The Esh Group is behind the 76-home estate on the brownfield site of the former Eastbourne School, off Yarm Road.

Councillors approved the development as it will help plug a shortfall in affordable housing in Darlington, but existing residents have had to suffer the effects of a series of building blunders.

These include one resident having his coal bunker and adjoining garden wall knocked down and another two properties having their fences damaged.

But the main concern among the residents whose properties back onto the new estate is that the new houses are being built at least four foot higher than the existing homes on The Causeway.

This means that even the ground floor windows of some of the new houses overlook the established properties’ land, fuelling residents’ concerns about privacy and potential flooding from water running down into their homes and gardens.
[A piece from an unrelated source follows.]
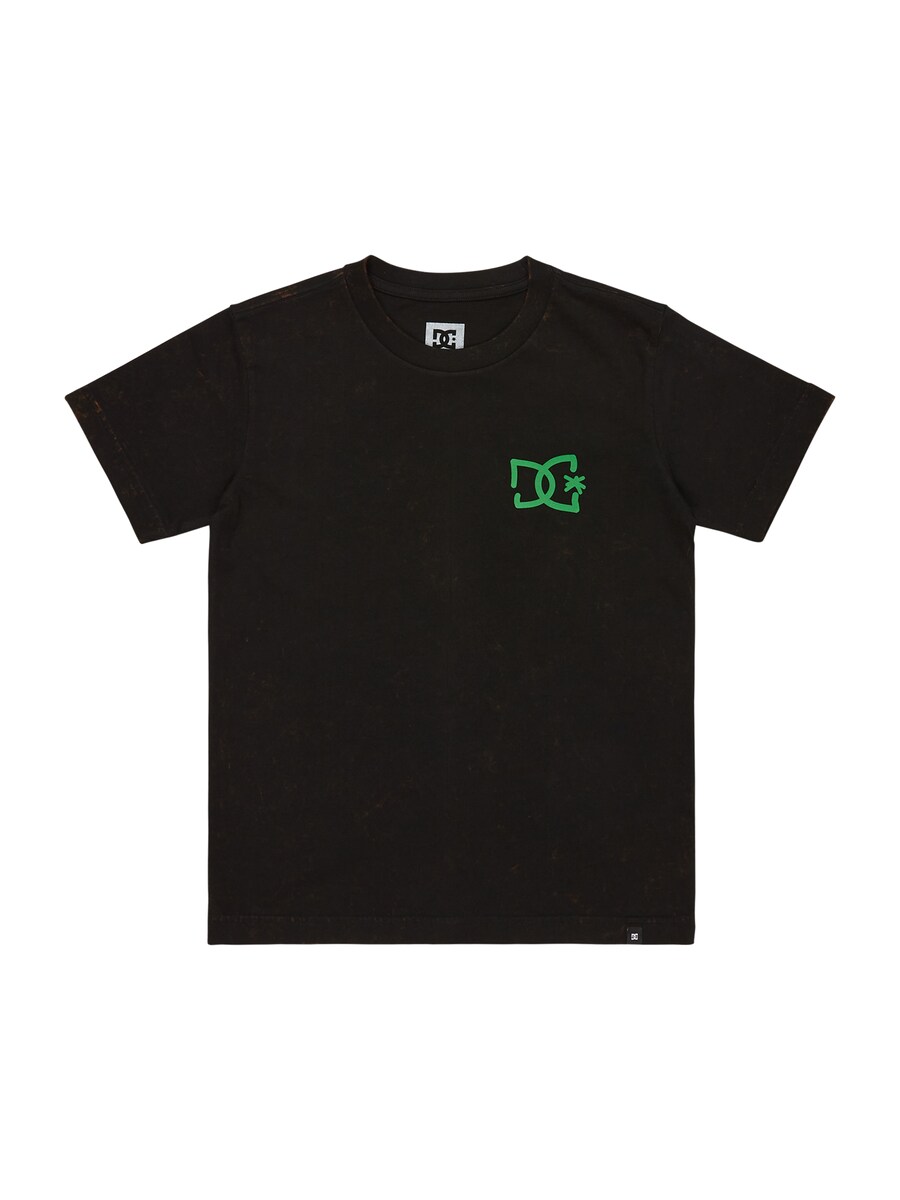 

Футболка Performance DC Shoes HOT BOX, черный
Esh has submitted a planning application to Darlington Council to alter the ground levels but building work is already well underway on the higher ground.
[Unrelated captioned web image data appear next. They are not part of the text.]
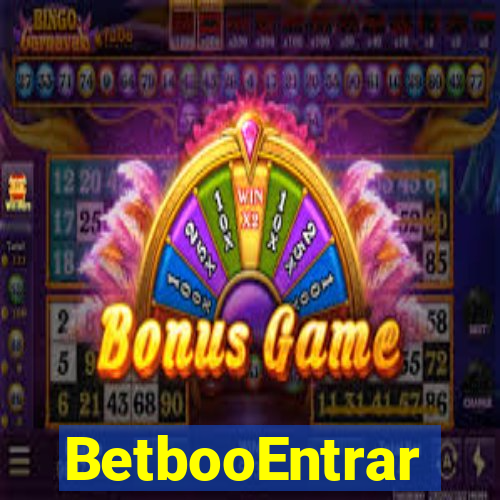 BetbooEntrar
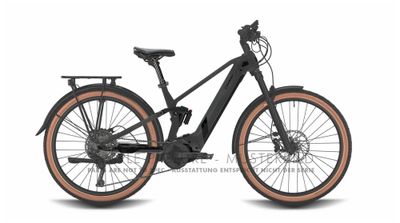 E Crossbike Conway Xyron SUV 4.9 2023 | 750 Wh | 29 Zoll | Diamant (Bild 1)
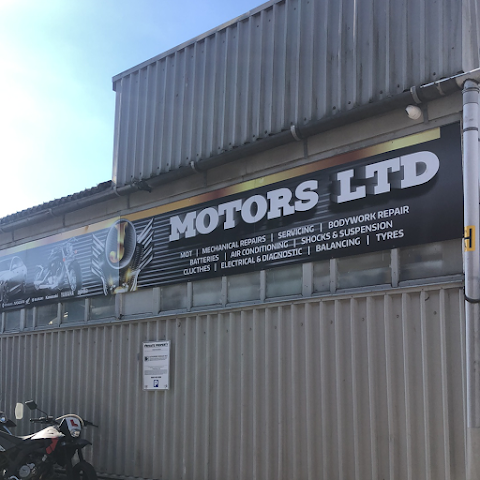 J Motors ltd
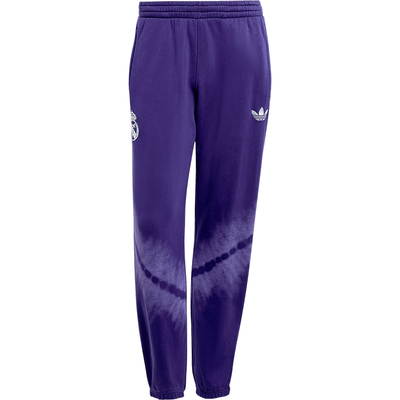 Adidas/阿迪达斯官方正品三叶草男士足球休闲文化时尚长裤JF2585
The council’s planning committee deferred its decision on whether to allow the land alterations until they have visited the site for themselves.

Lawrence Craggs, a resident of The Causeway who spoke at Wednesday’s planning committee meeting, conceded that the new houses are unlikely to be pulled down but he questioned why they were allowed to continue being built when the higher land level had not been approved.
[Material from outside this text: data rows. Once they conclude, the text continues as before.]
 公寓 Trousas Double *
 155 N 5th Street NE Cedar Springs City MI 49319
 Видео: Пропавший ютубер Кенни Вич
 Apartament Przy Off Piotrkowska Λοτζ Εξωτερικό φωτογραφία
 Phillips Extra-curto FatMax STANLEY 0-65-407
He said: “Our idea is that they have altered the land level so they didn’t have to get rid of all the rubble; they just flattened it down and built on top of it.”

Mr Craggs’s wife, Judith, added: “We just assumed the houses would be built at the same level as the school was, why should it be any different?

“We have been treated really shabbily; they have completely ignored us as if we are absolutely nothing.”

The Craggs' neighbour Tom Clarey shares their view.

His garden and bungalow is dwarfed by the new homes being built alongside his garden.

“We are mostly retired round here,” he said. “We bought a bungalow for the quiet and the privacy and we are losing all that.

“It is destroying people’s lives and they just don’t care.”

No one from Esh was available for comment.